Key implementation details:
- save_model(): Serializes the model state (parameters, batch statistics, etc.) using
flax.serialization.to_bytes()and stores thenn.Modulestructure as a custom object. - load_model(): Deserializes the state dictionary from msgpack and optionally initializes arrays as
jnp.ndarrayor places them on a specific device (TPU/GPU/CPU). Hides GPUs from TensorFlow to prevent memory conflicts with JAX. - get_runnable(): Creates a
FlaxRunnablethat supports TPU, GPU, and CPU resources. It uses JAX'smodel.apply()for inference with automatic input conversion from NumPy arrays and Pandas DataFrames to JAX arrays.
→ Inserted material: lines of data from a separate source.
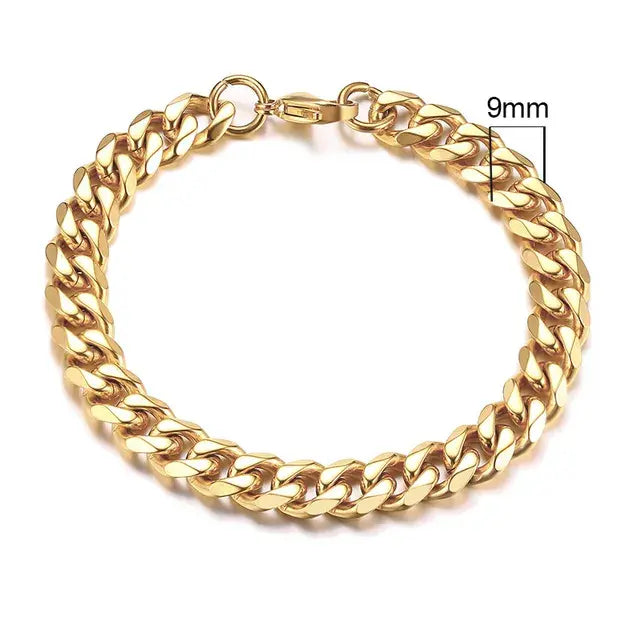 Bold Stainless Steel Miami Curb Chain Bracelet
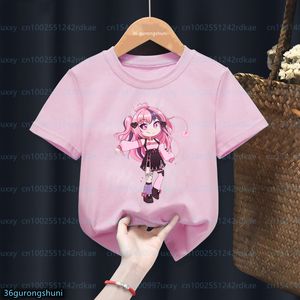 Conjuntos de roupas 2024 camiseta para meninas anime japonês Ironmouse estampado camiseta infantil moda camisa rosa top atacado 230630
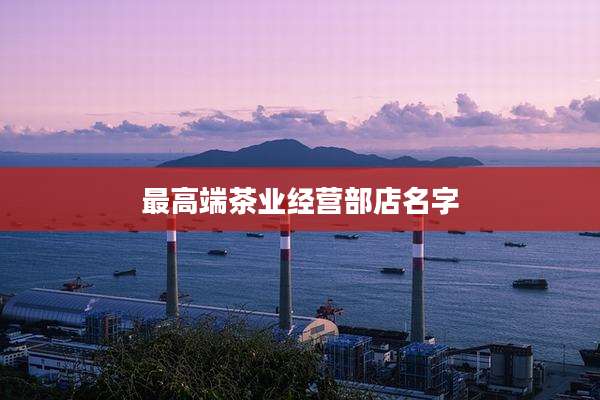 最高端茶业经营部店名字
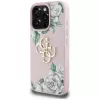 Guess Grained Roses Big 4G Logo Dėklas, skirtas iPhone 16 Pro Max - Rožinis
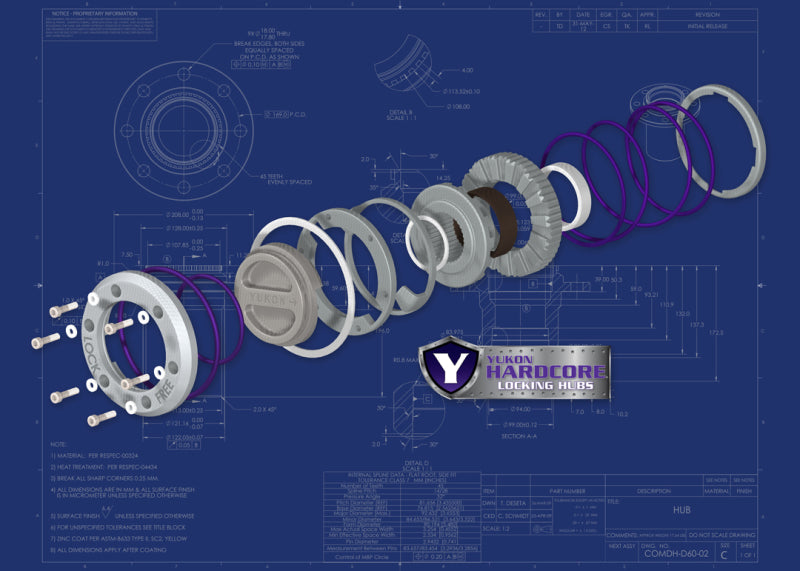 Juego de buje de bloqueo Yukon Gear Hardcore para Dana 60/35 estrías. Ford 99-04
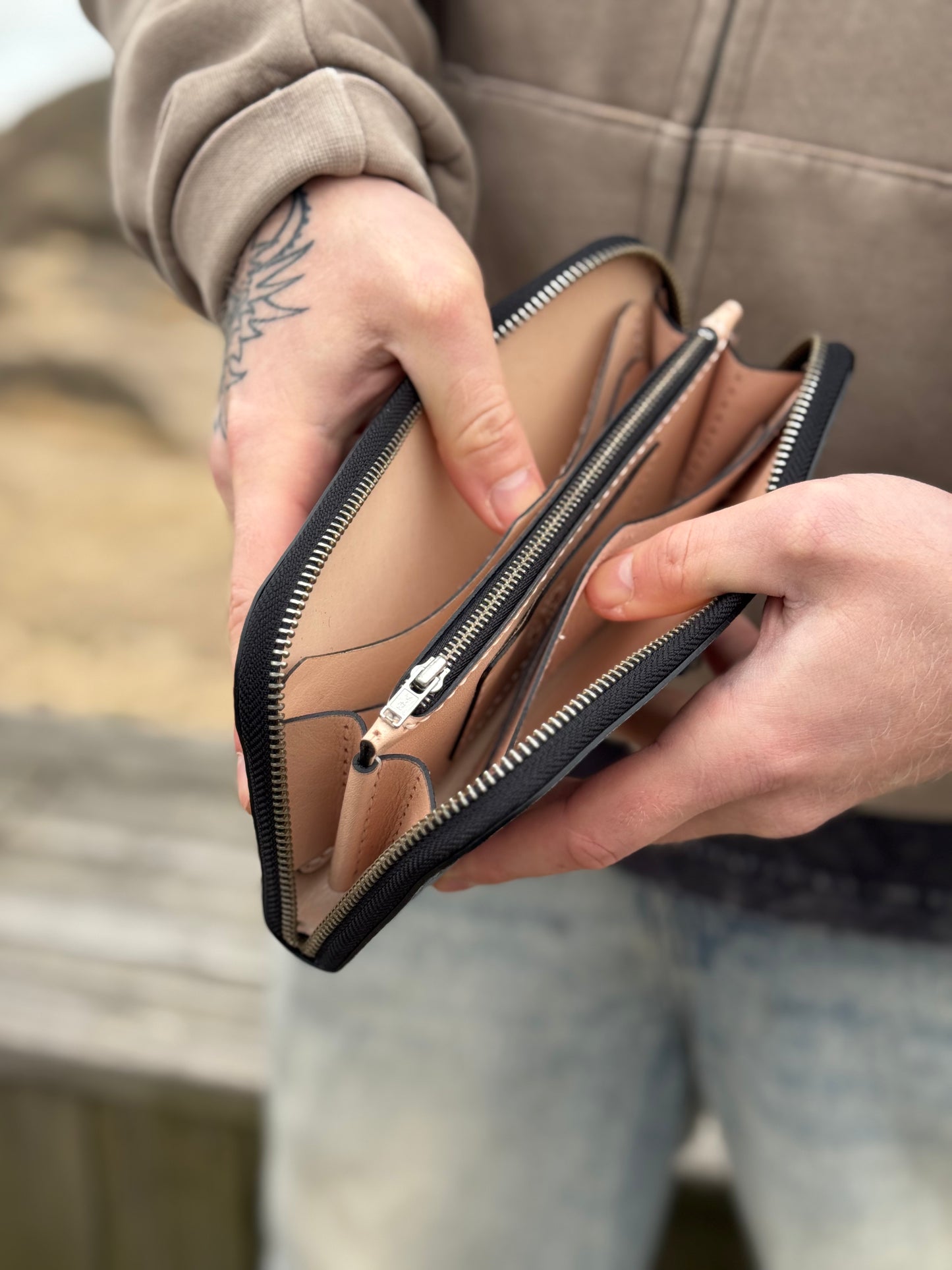 Hand-Dyed Leather Zip Around Wallet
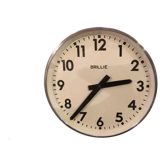 Horloge industrielle fonctionnelle brillie alu poli 24 cm gare pendule 1960 ato lepaute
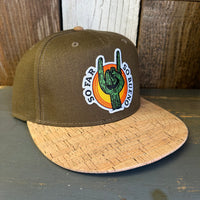 SO FAR :: SO BUENO Premium 5-Panel Mid Profile Snapback Hat - Green/Cork/Green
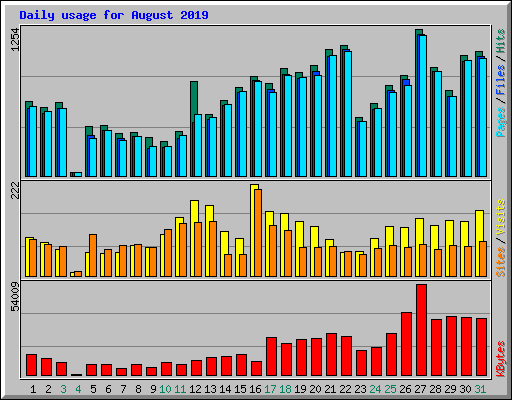 Daily usage for August 2019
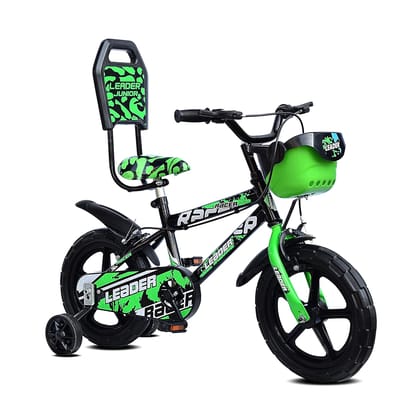 Leader Racer 14T Kids Cycle With Training Wheels (Semi-Assembled) Age Group 2 - 5 Years 14 T Road Cycle (Single Speed, Black, Green)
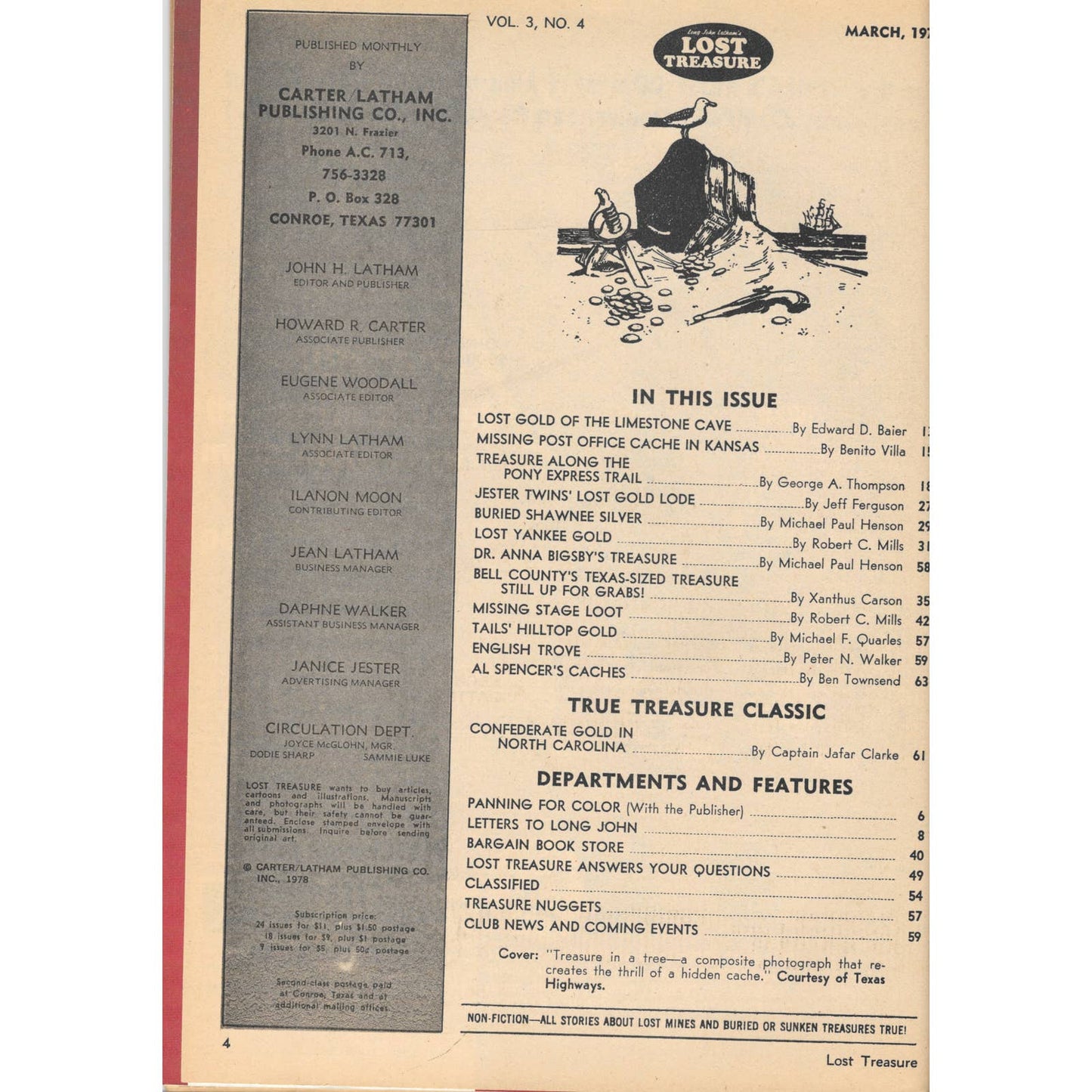 Long John Lathams Lost Treasure Magazine Lost Mines, Buried, Sunken Mar 1978 M1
Method results are cached for performance.
The module requires both flax and tensorflow (for XLA backend support).
Usage
Use this module to save and serve Flax/Linen models within BentoML. Suitable for JAX-based ML workflows involving image classification, NLP, or any task where Flax models are trained.
Code Reference
Source Location
- Repository: Bentoml_BentoML
- File: src/bentoml/_internal/frameworks/flax.py
- Lines: 1-323
Signature
def get(tag_like: str | Tag) -> bentoml.Model: ...
def load_model(bento_model: str | Tag | bentoml.Model,
init: bool = True,
device: str | XlaBackend = "cpu") -> tuple[nn.Module, dict[str, Any]]: ...
def save_model(name: Tag | str,
module: nn.Module,
state: dict[str, Any] | FrozenDict[str, Any] | struct.PyTreeNode,
*, signatures: ModelSignaturesType | None = None,
labels: dict[str, str] | None = None,
custom_objects: dict[str, Any] | None = None,
external_modules: List[ModuleType] | None = None,
metadata: dict[str, Any] | None = None) -> bentoml.Model: ...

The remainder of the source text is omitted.